Le problème latent des rivalités ethniques entre les deux composantes majeures de la population mauritanienne (le groupe arabo-berbère et le groupe négro-africain) se cristallisa brutalement en 1966 autour de la querelle linguistique de l’arabisation. Sans être réglé au fond, le conflit fut dédramatisé par l’habileté modératrice du chef de l’État, qui se présentait comme le garant d’un équilibre entre les différentes communautés.

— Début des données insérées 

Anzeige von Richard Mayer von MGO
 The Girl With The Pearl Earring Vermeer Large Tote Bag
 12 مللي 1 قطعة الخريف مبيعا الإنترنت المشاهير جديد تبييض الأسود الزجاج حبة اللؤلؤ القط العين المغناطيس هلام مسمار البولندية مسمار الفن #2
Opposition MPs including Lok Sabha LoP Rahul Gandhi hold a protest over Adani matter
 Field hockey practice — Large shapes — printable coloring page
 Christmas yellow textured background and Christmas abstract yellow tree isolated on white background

La dépendance persistante de la Mauritanie à l’égard de l’étranger, et d’abord de la France, l’apparition de tensions sociales propres à une économie désarticulée provoquèrent la montée d’une opposition de gauche qui jouit d’une influence croissante de 1968 à 1973, et sembla même en mesure de menacer le régime en suscitant des troubles répétés. Cette opposition fut d’abord l’objet d’une répression énergique, mais elle se trouva surtout désarçonnée par les initiatives du pouvoir, qui se mit à réaliser le programme des contestataires: nationalisations, réformisme culturel, desserrement de l’emprise française et rapprochement avec les États « progressistes » du Tiers Monde.

L’année 1975 sembla marquer l’apogée du régime, qui procéda à une clarification politique au bénéfice des courants réformistes. Le P.P.M., donc l’État, semblait s’orienter plus nettement vers un progressisme socialisant, bien que respectueux des valeurs culturelles qui garantissent un minimum d’homogénéité à la société mauritanienne et, au premier chef, de la religion islamique. La majorité des opposants et de la jeunesse réintégraient alors le parti unique. Moktar Ould Daddah était reconnu par tous les courants comme le leader indispensable à l’unité et au développement du pays. Sa longévité politique, sa fermeté mais aussi sa modération faisaient de lui l’un des « sages » de l’Afrique, et son prestige personnel ne constituait pas l’un des moindres atouts de son pays. Toutefois, la stabilité du régime demeurait principalement fondée sur sa crédibilité personnelle et la façon dont il s’assurait le soutien d’une coalition composite.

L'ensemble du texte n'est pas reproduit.